**Your objective**
Nothing may be dropped or altered: reproduce all the data.

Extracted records
================
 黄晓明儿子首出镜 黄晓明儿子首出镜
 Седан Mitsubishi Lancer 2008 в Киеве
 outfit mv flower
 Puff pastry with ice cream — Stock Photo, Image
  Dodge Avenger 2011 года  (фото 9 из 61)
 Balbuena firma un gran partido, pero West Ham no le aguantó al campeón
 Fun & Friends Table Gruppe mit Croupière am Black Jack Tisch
================
**Solution to the problem**
 黄晓明儿子首出镜 黄晓明儿子首出镜
 Седан Mitsubishi Lancer 2008 в Киеве
 outfit mv flower
 Puff pastry with ice cream — Stock Photo, Image
  Dodge Avenger 2011 года  (фото 9 из 61)
 Balbuena firma un gran partido, pero West Ham no le aguantó al campeón
 Fun & Friends Table Gruppe mit Croupière am Black Jack Tisch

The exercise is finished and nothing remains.